> [WORK REQUIRED]: From the data that follows, copy every line holding the string "street".

> [THE DATA]:
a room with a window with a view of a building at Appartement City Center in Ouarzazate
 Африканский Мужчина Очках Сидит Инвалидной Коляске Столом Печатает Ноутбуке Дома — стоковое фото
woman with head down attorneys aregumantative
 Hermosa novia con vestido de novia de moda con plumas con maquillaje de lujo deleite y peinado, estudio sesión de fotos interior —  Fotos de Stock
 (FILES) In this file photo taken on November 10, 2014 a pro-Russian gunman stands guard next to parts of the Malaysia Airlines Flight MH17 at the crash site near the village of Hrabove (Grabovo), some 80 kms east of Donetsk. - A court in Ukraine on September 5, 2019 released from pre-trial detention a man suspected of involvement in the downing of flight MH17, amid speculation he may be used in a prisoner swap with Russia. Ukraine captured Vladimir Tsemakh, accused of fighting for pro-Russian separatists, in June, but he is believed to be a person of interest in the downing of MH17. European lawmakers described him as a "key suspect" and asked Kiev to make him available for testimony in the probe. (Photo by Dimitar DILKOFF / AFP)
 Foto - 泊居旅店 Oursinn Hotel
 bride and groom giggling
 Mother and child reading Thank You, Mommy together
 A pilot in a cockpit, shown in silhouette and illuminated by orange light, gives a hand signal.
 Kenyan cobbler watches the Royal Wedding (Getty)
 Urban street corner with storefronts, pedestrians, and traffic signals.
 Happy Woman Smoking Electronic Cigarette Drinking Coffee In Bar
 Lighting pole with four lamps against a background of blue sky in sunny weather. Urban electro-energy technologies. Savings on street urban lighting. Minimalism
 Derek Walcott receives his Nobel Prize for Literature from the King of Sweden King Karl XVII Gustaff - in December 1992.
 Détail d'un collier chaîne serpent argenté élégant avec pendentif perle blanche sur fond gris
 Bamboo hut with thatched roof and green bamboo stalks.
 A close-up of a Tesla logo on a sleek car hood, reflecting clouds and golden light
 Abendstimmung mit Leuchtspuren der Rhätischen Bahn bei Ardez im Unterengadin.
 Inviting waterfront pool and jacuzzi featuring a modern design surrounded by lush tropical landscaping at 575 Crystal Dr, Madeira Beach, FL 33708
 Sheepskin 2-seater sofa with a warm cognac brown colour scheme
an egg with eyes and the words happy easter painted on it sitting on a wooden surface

> [RESPONSE AREA]:
 Urban street corner with storefronts, pedestrians, and traffic signals.
 Lighting pole with four lamps against a background of blue sky in sunny weather. Urban electro-energy technologies. Savings on street urban lighting. Minimalism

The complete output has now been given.